§ Data records:
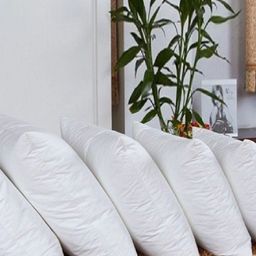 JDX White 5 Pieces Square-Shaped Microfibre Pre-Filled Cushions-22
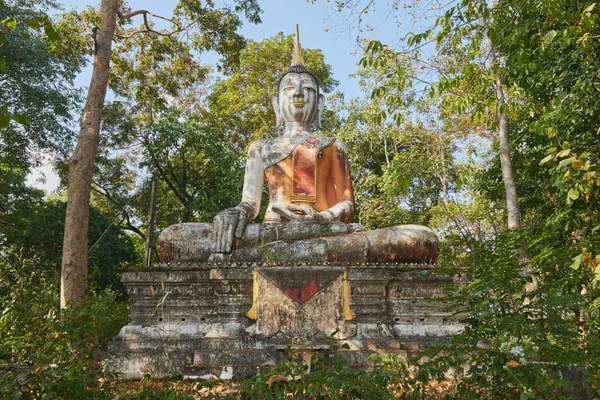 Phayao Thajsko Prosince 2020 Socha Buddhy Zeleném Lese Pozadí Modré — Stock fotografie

==

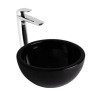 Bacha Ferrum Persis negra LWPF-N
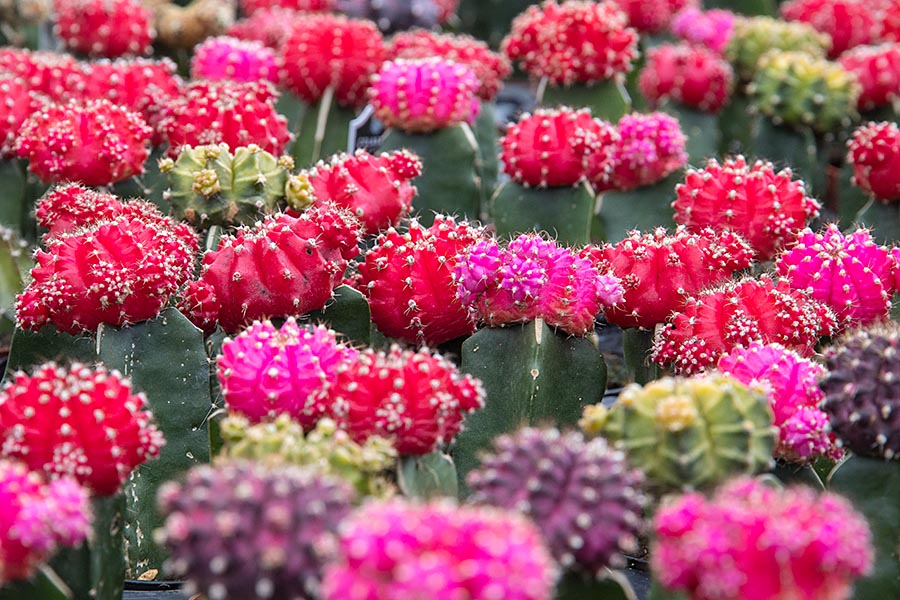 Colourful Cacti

§ Brief:
Your reply is to be an exact repeat of the listing above from the line holding "Bacha Ferrum Persis negra LWPF-N" down to the line holding "Colourful Cacti", ends included, pictures excluded.

§ Written solution:
 Bacha Ferrum Persis negra LWPF-N
 Colourful Cacti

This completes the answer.